Pour brouiller un peu plus les pistes, "Settlers" nous place à la hauteur du regard de cette petite fille volontairement maintenue dans l'ignorance par ses parents. Au-delà du fait que Remmy n'a pas connu la Terre (seuls le substitut que lui offre le quotidien de cette cellule familiale et la transmission à travers l'éducation, les souvenirs, etc, lui permettent de s'en rapprocher), elle vit aussi dans l'inconnu de l'extérieur de cette colonie. Grâce à ce parti pris plutôt malin, le spectateur avance également à tâtons dans la découverte de cet univers, guettant comme Remmy chaque parole de ses parents ou d'autres éléments qui lui permettraient d'en appréhender les règles.
En ce sens, la première partie de "Settlers" est plutôt réussie, le climat de mystère et la montée en puissance autour de cette présence qui encercle de plus en plus cette famille par son emprise psychologique a le mérite de réellement captiver puis, en se dévoilant, de bouleverser les rapports de forces établis jusqu'ici... et la teneur même du film -ou, du moins, ce que l'on avait cru en déceler.

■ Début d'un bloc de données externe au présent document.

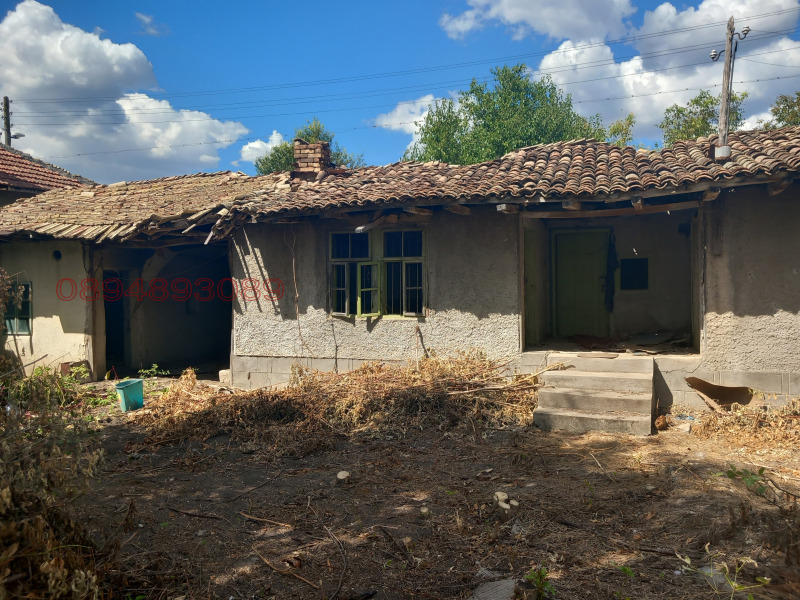 Продава КЪЩА в област Търговище, с. Алваново - 855 кв.м / 20 451.68 € » 40 000 лв.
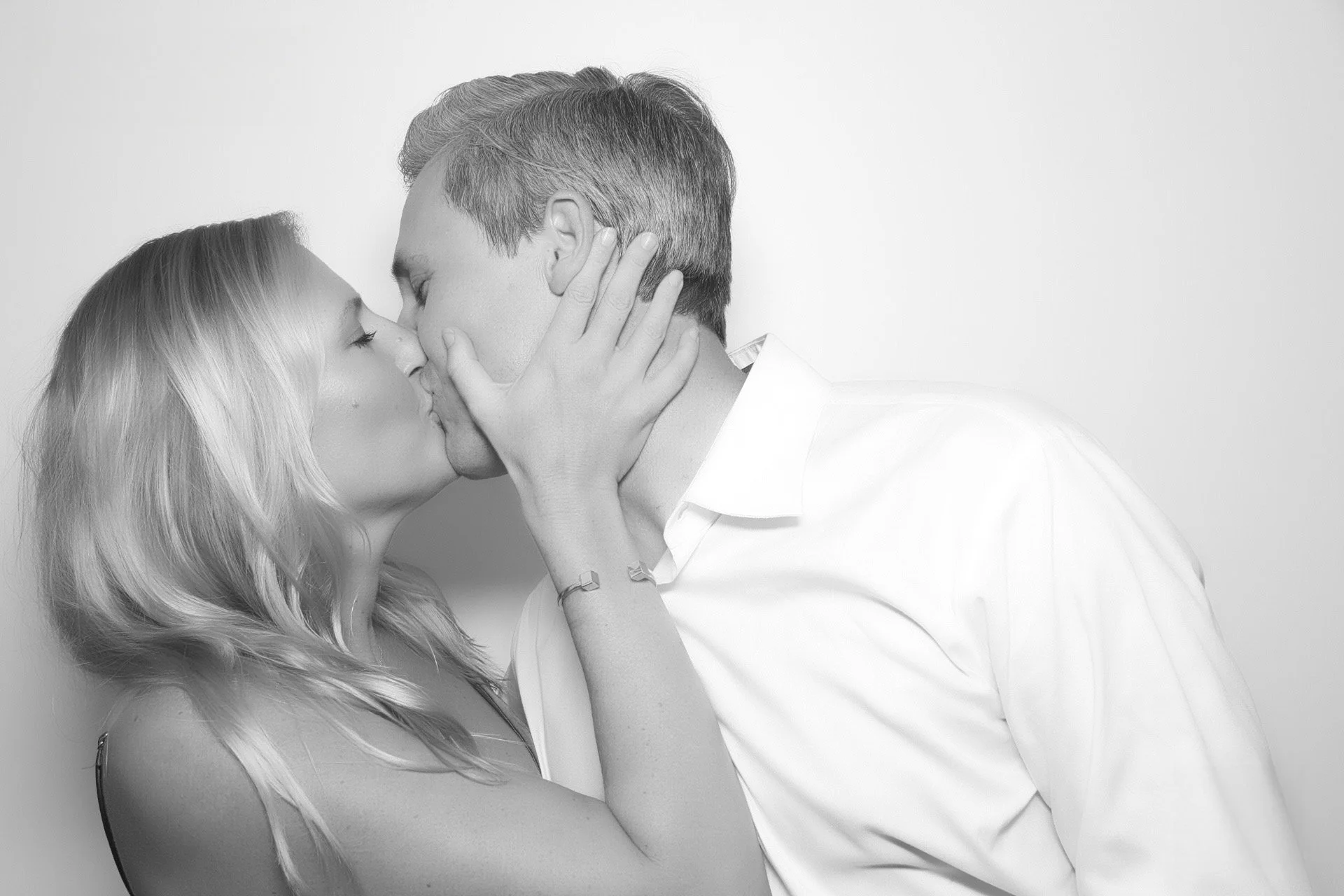 Wedding Photobooth 4.png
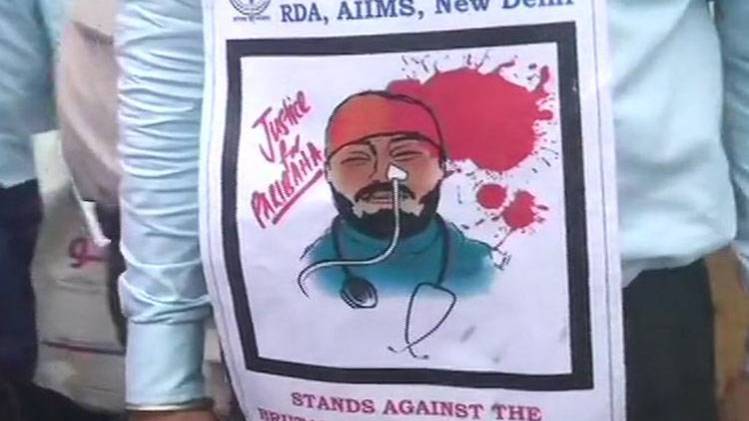 AIMS के डॉक्टर कर रहे हैं विरोध प्रदर्शन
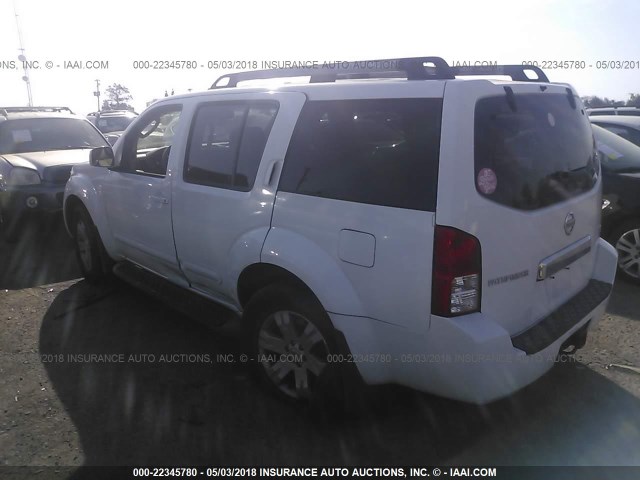 5N1AR18W05C726693 - 2005 NISSAN PATHFINDER LE/SE/XE WHITE photo 3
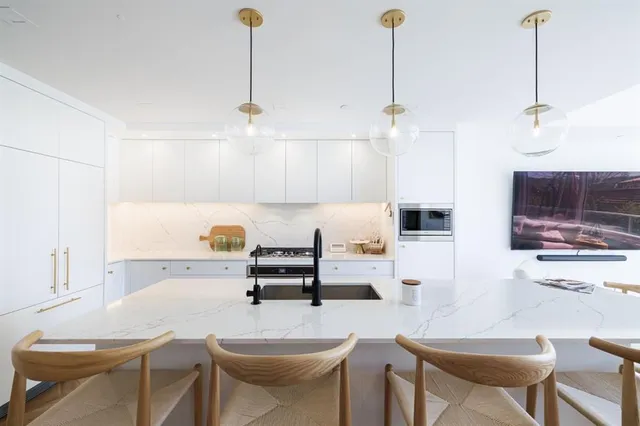 8445 Broadcast Ave #110, Calgary 5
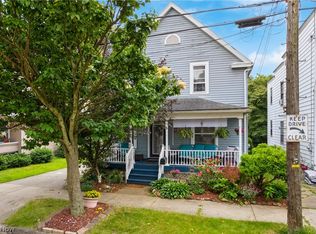 216 Myrtle Pl, Akron, OH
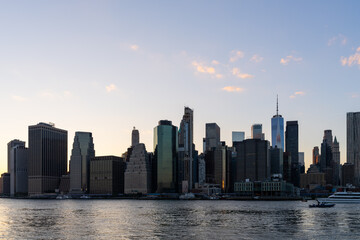 Naklejka premium New York City skyline at sunset with waterfront view.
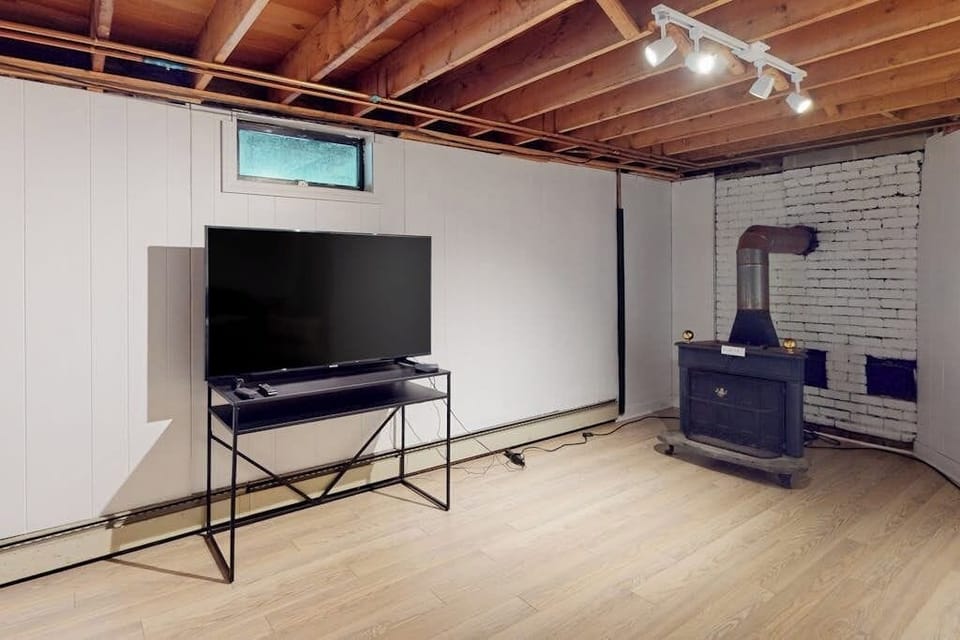 House, Multiple Beds (Casco Breeze) | Interior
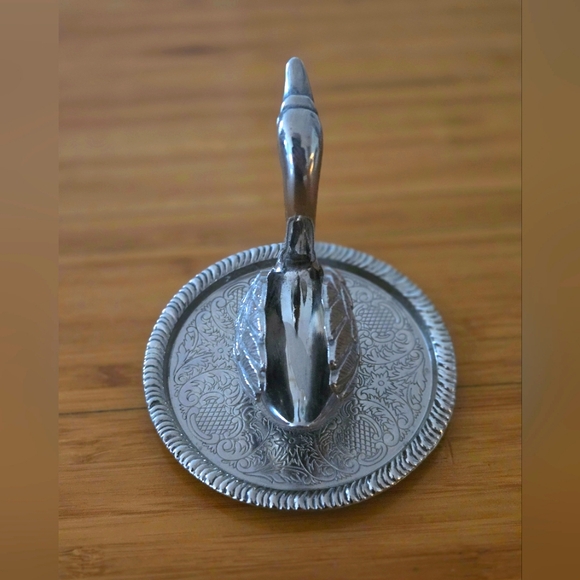 Vintage Silver alloys 💍 holder - Picture 3 of 7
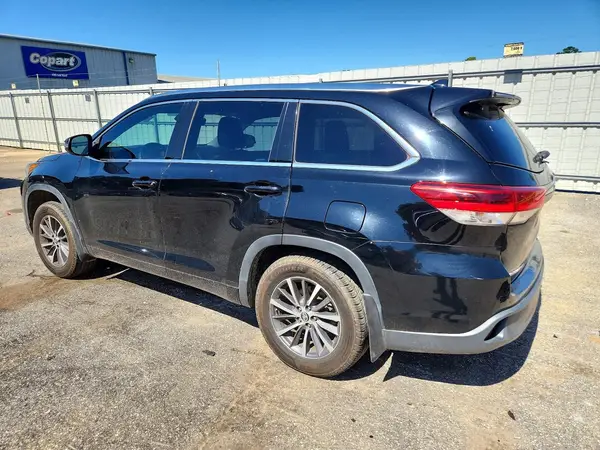 5TDJZRFH2JS830716 2018 TOYOTA HIGHLANDER - Image 2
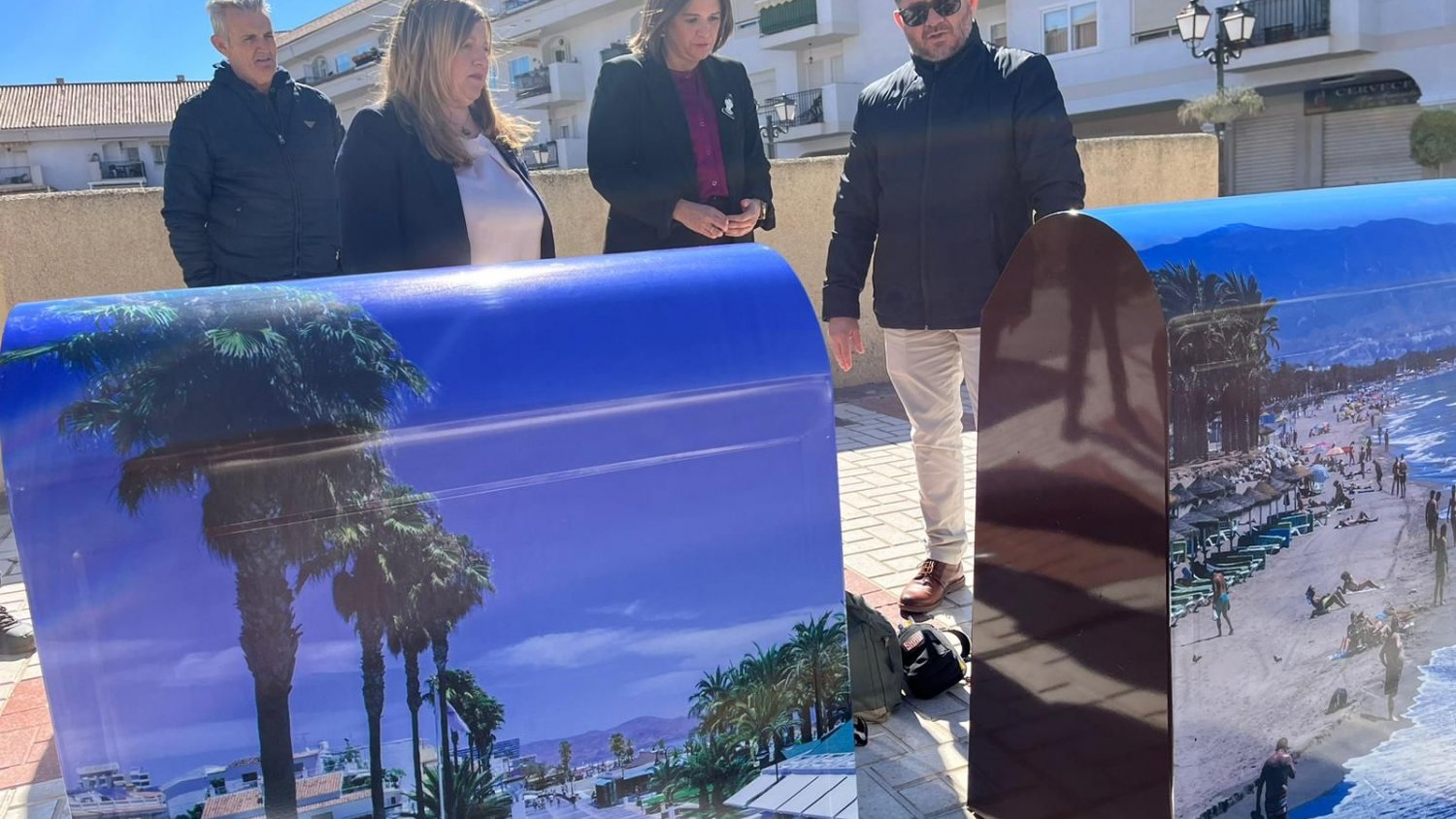 Torremolinos inicia un plan de embellecimiento de diez islas ecológicas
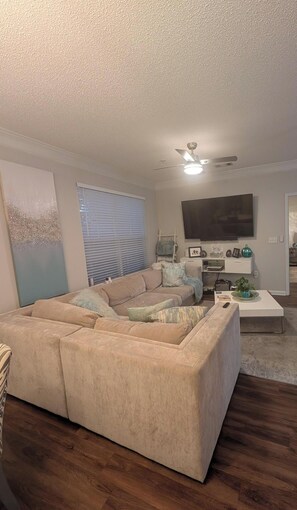 Living area - Spacious Modern Oasis by Perimeter Mall / MARTA Accessible (Atlanta)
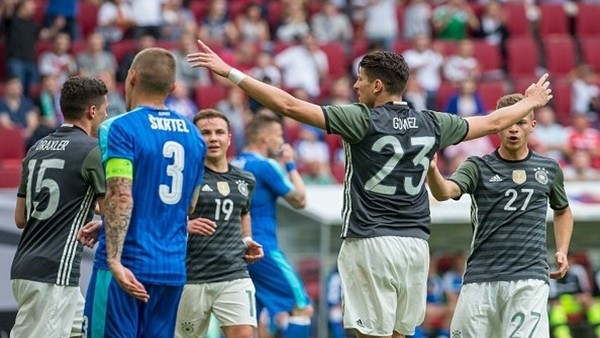 Mario Gomez'in Slovakya penaltıdan attığı gol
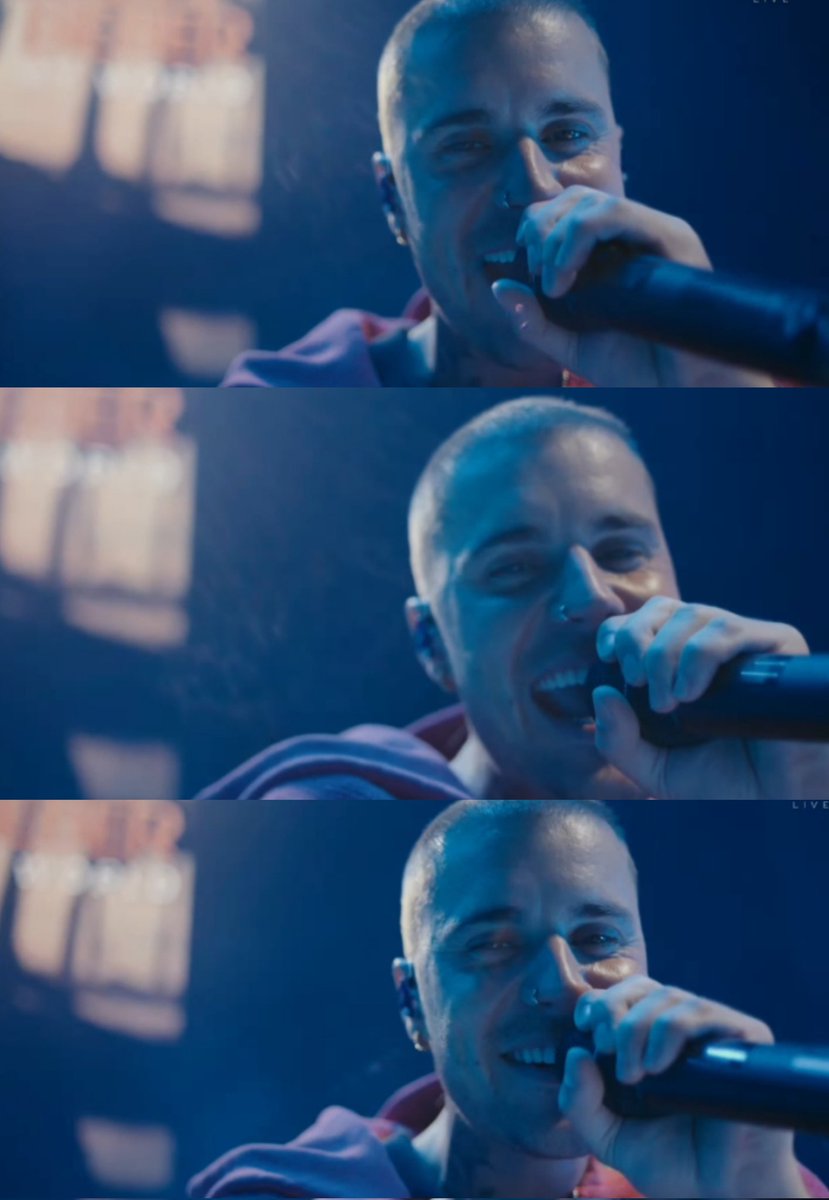 biebsdevotions's tweet photo. Justin's precious smile while singing favorite girl, he's enjoying this as much as his beliebers 🥺 https://t.co/biOHXgkYqe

Bien entendu, au vu du ton de ses prémices, on se doutait bien que le contenu de "Settlers" n'allait pas se résumer à un banal survival SF comme les autres mais, compte tenu des ingrédients mis en place, il faut bien avouer que l'on n'avait pas forcément vu venir sa tournure de drame très intimiste centrée sur sa principale protagoniste désormais prise au piège d'un cycle de violence et de bas instincts humains.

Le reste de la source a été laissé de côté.